I've got no problem with the pin blades, I get how that works. My problem is with the pinless blades. The pin blades say they are 130mm and the pinless 127mm.
I switched out the blades today to give the pinless blade a try (im only practicing at the moment on dud wood) but noticed that its difficult to clamp both ends to the scroll saw.

I end up having only a few mm clamped on both ends, then when I change the tension on the saw I either get it wrong and the blade pulls out from the bottom or I get it right but when switching off the scroll saw the blade makes a sort of twang noise as if i'd pinged it myself.

Is this normal? Are pinless blades only supposed to have a few mm clamped on both ends?

I can clearly see that the pin blades have a lot more clamped. I'm still learning and this site as well as others and youtube are really helping me out but I cant find a solution to this. 

Sorry for the really long story, thought i'd introduce then describe the problem.

I'm looking forward to any help given & thanks again  

Jamie


----------



## Bryan Bennett (31 May 2013)

Hi Jamie.First of all welcome aboard a GREAT SITE,now then you do not say which scroll saw you have?.That should help one of us to point you in the right direction. Universal blades are used by the majority of us,and are held at the clamps by more that a few mm.Post us the make of the saw,to see if one of us can help.Missed that you had the axminster,you have a great Mum and Dad to buy these type of presents,Lucky you.

Bryan


----------



## Dalboy (31 May 2013)

Keato":1pzuhevg said:


> Anyway I have a question about scrolling, mainly about the blades though (I think)
> My mum and I looked around and ended up deciding on buying from Axminster. I got a "Proxxon DSH 2 Speed Scroll Saw" which is on their website. We ordered some extra blades too.


Bryan he has a Proxxon as he says in his post does this help


----------



## Keato (31 May 2013)

Hey Bryan, I did post which make of saw I have. "Proxxon DSH 2 Speed Scroll Saw". Bought it from Axminster.

The blades I also bought with it are from the Axminster website, my mum just selected 3 packs. I'll post their product names here since I don't know if I can post links yet.


The extra blades she got me were as follows
"Proxxon Scroll Saw Blades with Pin Ends" - (Size, 2.61mm x 0.51mm x 10tpi)

"Proxxon Super-Cut Scroll Saw Blades with Plain Ends" - (Size, 1.5mm x 0.48mm x 14tpi)

"Proxxon Super-Cut Scroll Saw Blades with Plain Ends" - (Size, 0.75mm, 0.36mm x 41tpi)

She bought me the really thin ones because she figured she might as well get them ordered so that when i'm ready for intricate work I can go right ahead without having to wait for blades to be delivered.

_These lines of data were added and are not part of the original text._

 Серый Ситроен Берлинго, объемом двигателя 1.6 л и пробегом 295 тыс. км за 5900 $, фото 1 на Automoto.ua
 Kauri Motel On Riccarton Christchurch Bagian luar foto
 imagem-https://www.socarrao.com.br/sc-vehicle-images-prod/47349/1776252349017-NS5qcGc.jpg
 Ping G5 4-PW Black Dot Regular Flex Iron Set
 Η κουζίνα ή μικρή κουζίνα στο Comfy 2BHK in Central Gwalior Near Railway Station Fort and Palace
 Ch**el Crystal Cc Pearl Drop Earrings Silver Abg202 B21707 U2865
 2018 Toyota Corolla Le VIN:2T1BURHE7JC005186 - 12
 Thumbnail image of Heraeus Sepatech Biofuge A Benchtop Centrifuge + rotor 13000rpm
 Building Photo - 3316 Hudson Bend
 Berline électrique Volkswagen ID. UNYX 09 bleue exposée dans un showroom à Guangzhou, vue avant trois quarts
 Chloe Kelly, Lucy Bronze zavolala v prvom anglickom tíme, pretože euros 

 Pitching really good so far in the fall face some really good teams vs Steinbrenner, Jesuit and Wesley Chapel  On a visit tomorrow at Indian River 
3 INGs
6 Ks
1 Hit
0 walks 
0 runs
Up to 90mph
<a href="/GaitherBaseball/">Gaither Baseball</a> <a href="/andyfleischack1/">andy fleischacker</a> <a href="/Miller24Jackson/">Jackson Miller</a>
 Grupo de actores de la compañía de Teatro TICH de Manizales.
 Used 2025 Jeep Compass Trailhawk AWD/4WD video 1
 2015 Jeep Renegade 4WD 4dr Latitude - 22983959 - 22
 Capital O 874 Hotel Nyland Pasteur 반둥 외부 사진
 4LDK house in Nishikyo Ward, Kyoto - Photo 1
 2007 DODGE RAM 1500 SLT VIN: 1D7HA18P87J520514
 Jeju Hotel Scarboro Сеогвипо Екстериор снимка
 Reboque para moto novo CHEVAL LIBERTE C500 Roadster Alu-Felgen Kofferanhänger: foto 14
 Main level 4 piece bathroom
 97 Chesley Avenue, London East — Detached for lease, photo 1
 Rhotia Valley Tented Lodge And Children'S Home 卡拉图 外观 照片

Unfortunately I snapped one of the (41tpi) blades because I wanted to give it a try. But I know there is a chance i'll snap a few seeing as i've never used a scroll saw before.

I think you missed me posting the name of my scroll saw in my first post due to it being lost in the long story.


Hopefully someone has this scroll saw or has had it and can help with my issue.

Jamie


----------



## Dalboy (31 May 2013)

I have been looking at the scrollsaw you have. When you change blades do you undo the blade tensioning knob before fitting a new blade or just try and fit a blade without undoing it.
As for snapping blades I still do that now.


----------



## Keato (31 May 2013)

Err, release the tension at the back then use an allen key that came with it to loosen the clamp on the blade (both pin & pinless) then change the blade.

I do know that i'll snap a few even if I get skilled at it though. 


The only problem I have is that the pinless blades seem to not fit, as in too short.

If I really undo the tension knob at the back then I can bring the arms (or whatever they are called, not learned terminology yet) closer together enough to fit about 1 to 2 mm of the top of the pinless blade in the top clamp and about the same length on the bottom one. 

I've read elsewhere that you only need a few mm clamped to get it to hold in place. Its just when I then tighten the tension then the bottom of the blade pops out.


----------



## Bryan Bennett (31 May 2013)

Hi Jamie Welcome to a GREAT FORUM,I see that you have a Axminster scroll saw.There are members who have the same saw that you have.I will leave them to advise you on how to solve your problem.I used a universal set of blade clamps to convert a pinned blade to a pinless blade.These were bought from Axminster very cheaply.The main saw that I use is a Hegner.
I am sure that someone will soon be on to solve your problem.The blades are a standard size,if the blade appears to be too short,you need to slacken off the tension,it should then fit .It will have to be tensioned up again to make the blade tight to use.

Bryan


----------



## stevebuk (31 May 2013)

Just to clarify Bryan, jamie has a PROXON scroll saw bought from Axminster.. :shock:  

welcome jamie, if you wish to cut intricate pieces out you will need the pinless variety of blades available, dont know your saw but hope you get it sorted out..


----------



## Bryan Bennett (1 Jun 2013)

Thank you Steve ,has you can see I have had a couple of senior moments today.Same post twice not thoroughly read post.Hope you get your saw's fixed soon.


----------



## Keato (1 Jun 2013)

I can see your all a friendly bunch 

I'm looking forward to learning more about scrolling. 
As it happens I'm actually heading into Glasgow City Centre to find a place I found online called Reid Timber. I wanted to find a local business I can buy wood rather than ordering from large companies online.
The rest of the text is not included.